26. Europeana Data, contains open metadata on 20 million texts, images, videos and sounds gathered by Europeana – the trusted and comprehensive resource for European cultural heritage content.
27. FEDSTATS, a comprehensive source of US statistics and more
28. FIMI repository for frequent itemset mining, implementations and datasets.
29. Financial Data Finder at OSU, a large catalog of financial data sets.

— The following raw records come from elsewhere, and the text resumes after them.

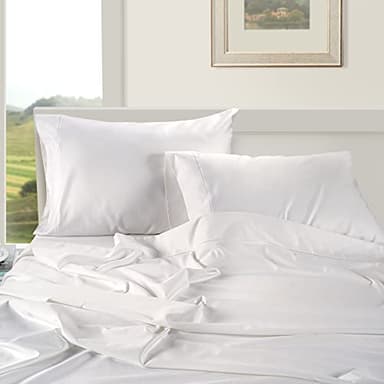 LANE LINEN 100% Egyptian Cotton Full Size Bed Sheets, Soft & Comfy Luxury Hotel Style Thick Full Size Sheets, Fully Elasticized Reinforsed Seams No Pill Natural Cooling White Sheets - Image 3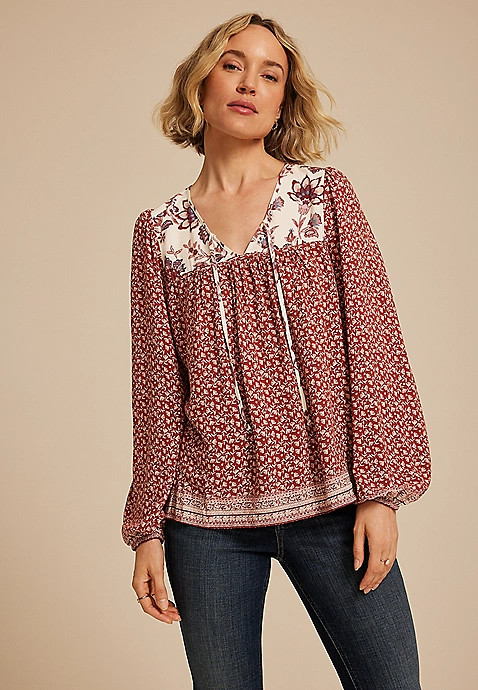 Mixed Floral Peasant Blouse | Maurices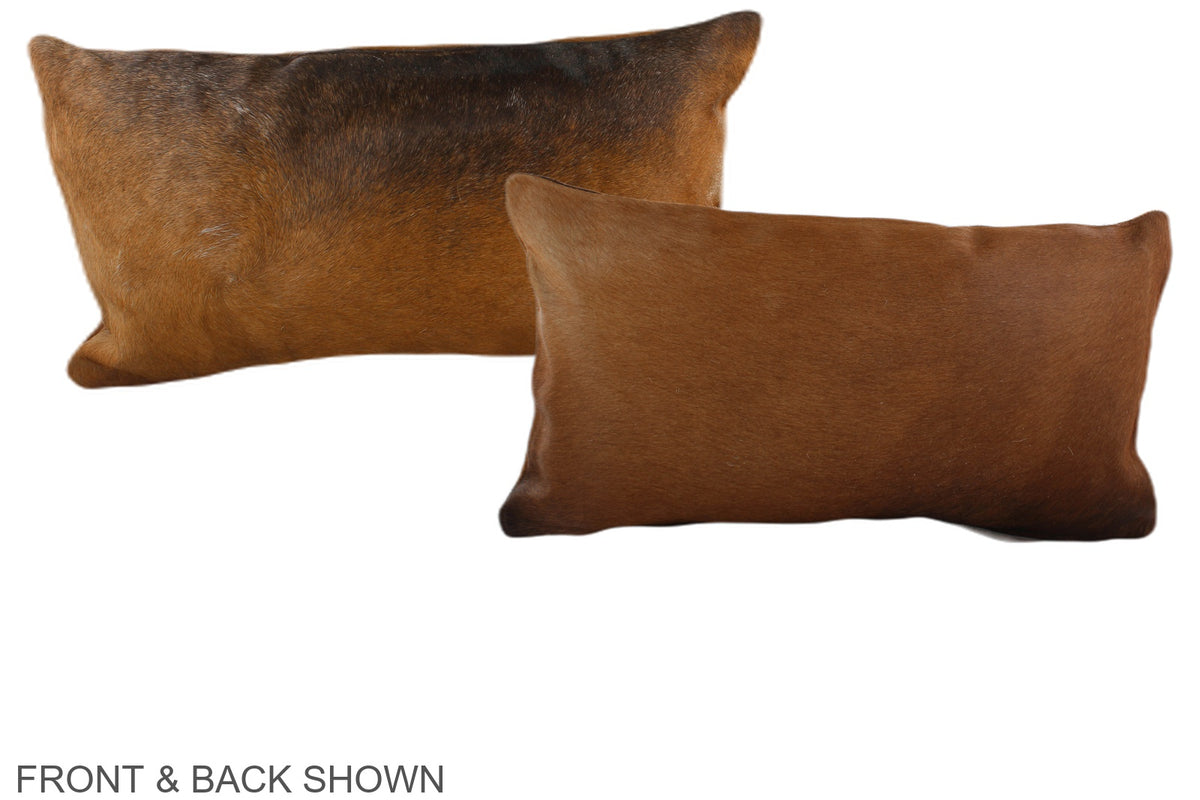 Solid Brown Cowhide Pillow #A38580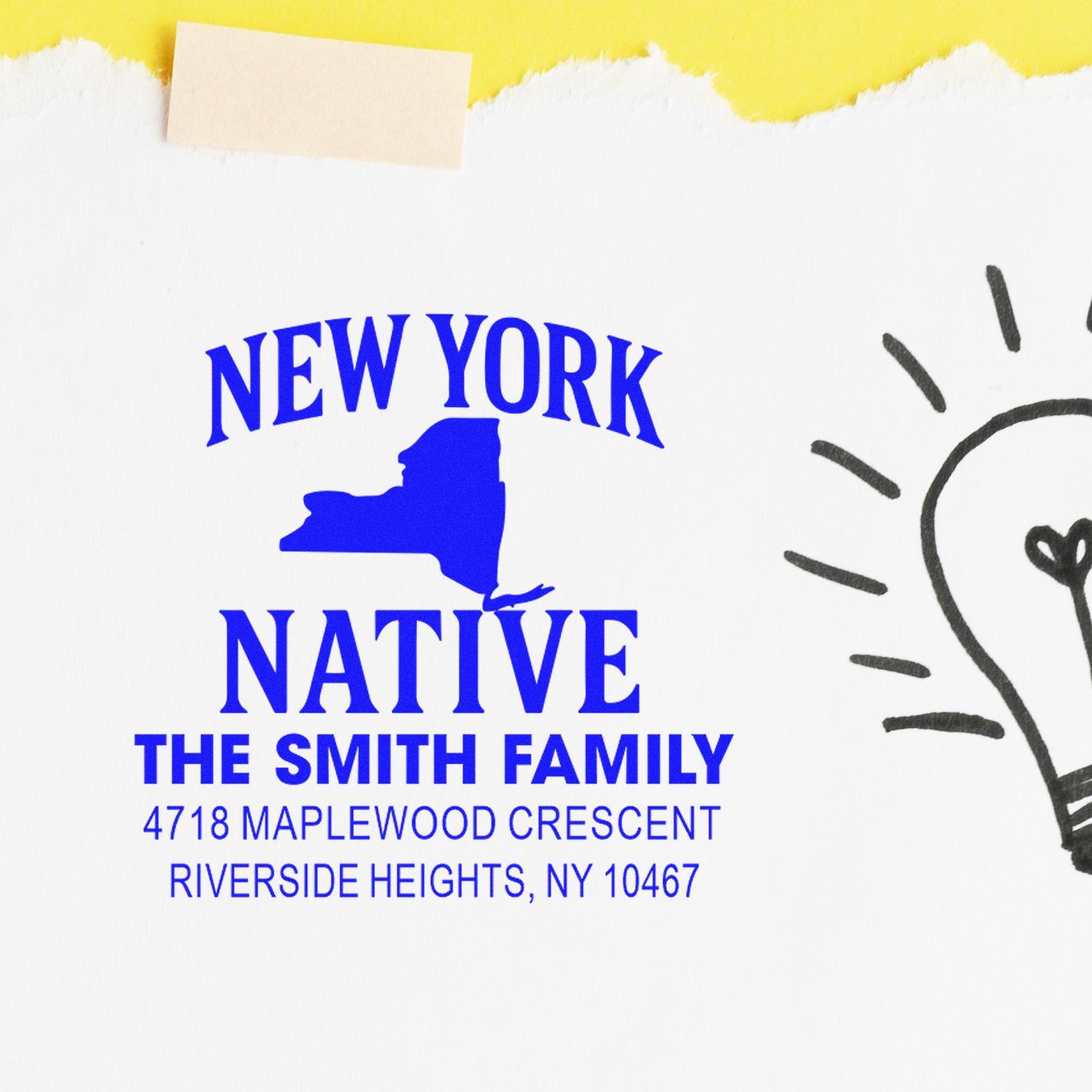Custom New York Native family return address rubber stamp with The Smith Family and Riverside Heights, NY address in blue ink.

30. FiveThirtyEight: data and code related to their articles
31. Free SVG Maps — Website for free geographic maps
32. GDELT: The Global Data on Events, Location and Tone, described by Guardian as “a big data history of life, the universe and everything.”
33. GeoDa Center, geographical and spatial data.

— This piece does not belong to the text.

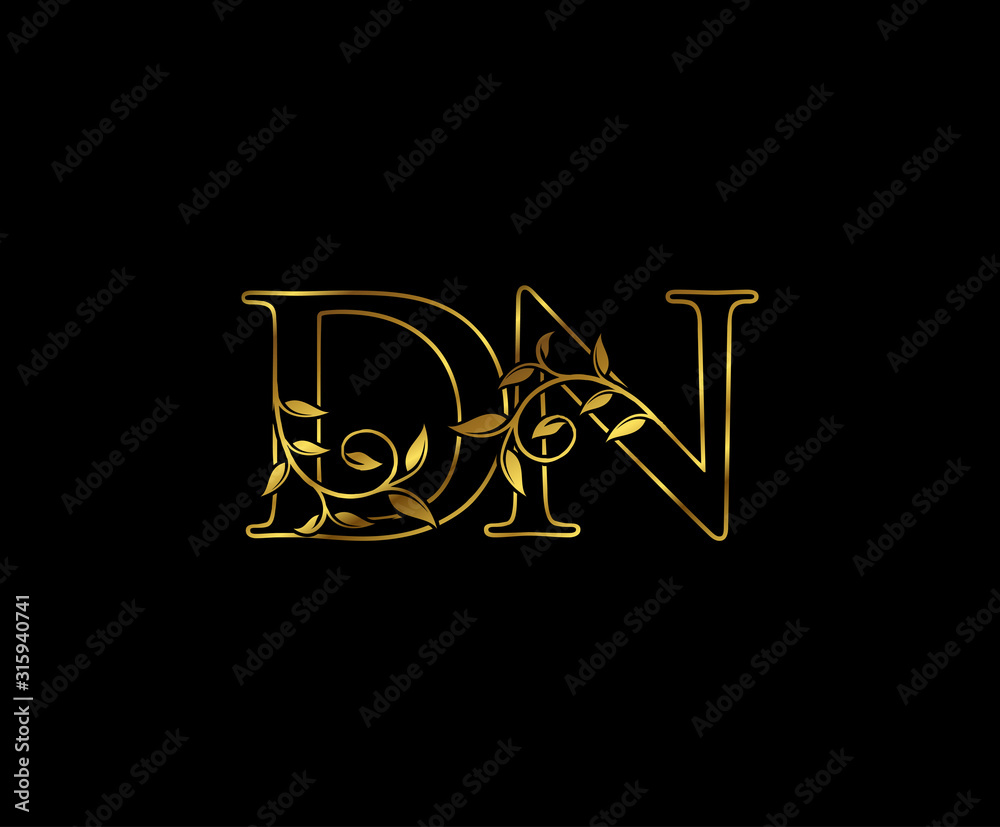Golden D, N and DN Luxury Letter Logo Icon Golden D, N and DN Luxury Letter Logo Icon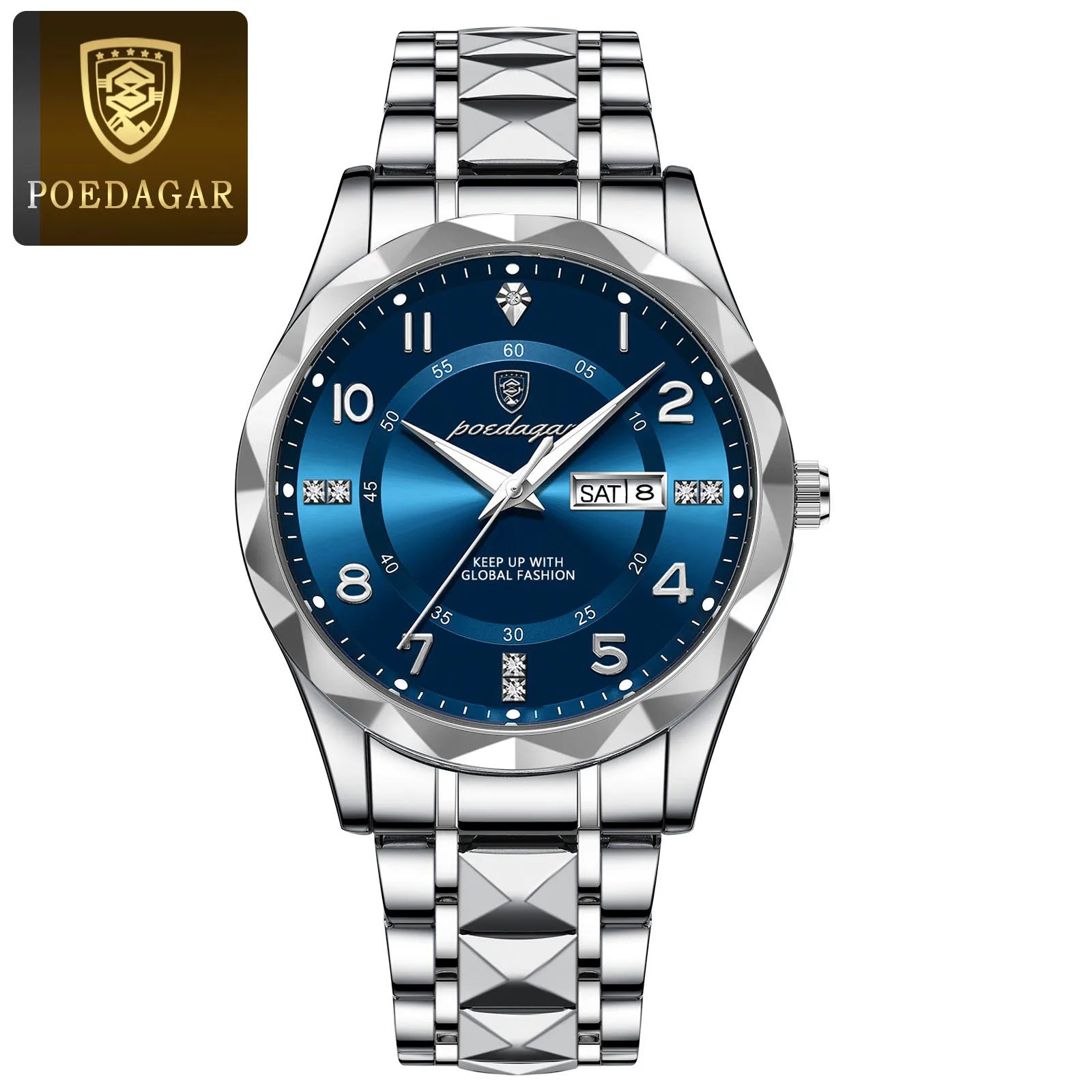 POEDAGAR Luxury Men Stainless Steel Quartz Watch - Waterproof, Date/Week & Luminous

34. Google ngrams datasets, text from millions of books scanned by Google.
35. Google Public Data Explorer — Google’s public data portal to explore, visualize, and communicate large datasets
36. Grain Market Research, financial data including stocks, futures, etc.
37. Guardian DataBlog — Data journalism and data visualization from the Guardian
38. HitCompanies Datasets, comprehensive data on random 10,000 UK companies sampled from HitCompanies, updated automatically using AI/Machine Learning.
39. ICWSM-2009 dataset contains 44 million blog posts made between August 1st and October 1st, 2008.
40. IMDb Datasets — Webpage for access to IMDb datasets
41. Infochimps, an open catalog and marketplace for data. You can share, sell, curate, and download data about anything and everything.
42. Investor Links, includes financial data
43. Jake Hofman Data Links — Jake Hofman’s bookmarked computational social science data resources
44. Jerry Smith dataset collection, with Finance, Government, Machine Learning, Science, and other data.
45. Kaggle – home of Data Science
46. KDD Cup center, with all data, tasks, and results.
47. KDnuggets Data Repositories List — Data repository list maintained by KDnuggets, a popular data mining website
48. Kevin Chai list of datasets, for text, SNA, and other fields.
49. KONECT, the Koblenz Network Collection, with large network datasets of all types in order to perform research in the area of network mining.
50. Last.fm Datasets — Webpage for access to Last.fm datasets
51. Linked Data — Linkage site for distributed data
52. Linking Open Data project, at making data freely available to everyone.
53. Million Song Dataset
54. MIT Cancer Genomics gene expression datasets and publications, from MIT Whitehead Center for Genome Research.
55. ML Data, the data repository of the EU Pascal2 networks.
56. mldata.org — A public repository for machine learning data
57. NASDAQ Data Store, provides access to market data.
58. National Government Statistical Web Sites, data, reports, statistical yearbooks, press releases, and more from about 70 web sites, including countries from Africa, Europe, Asia, and Latin America.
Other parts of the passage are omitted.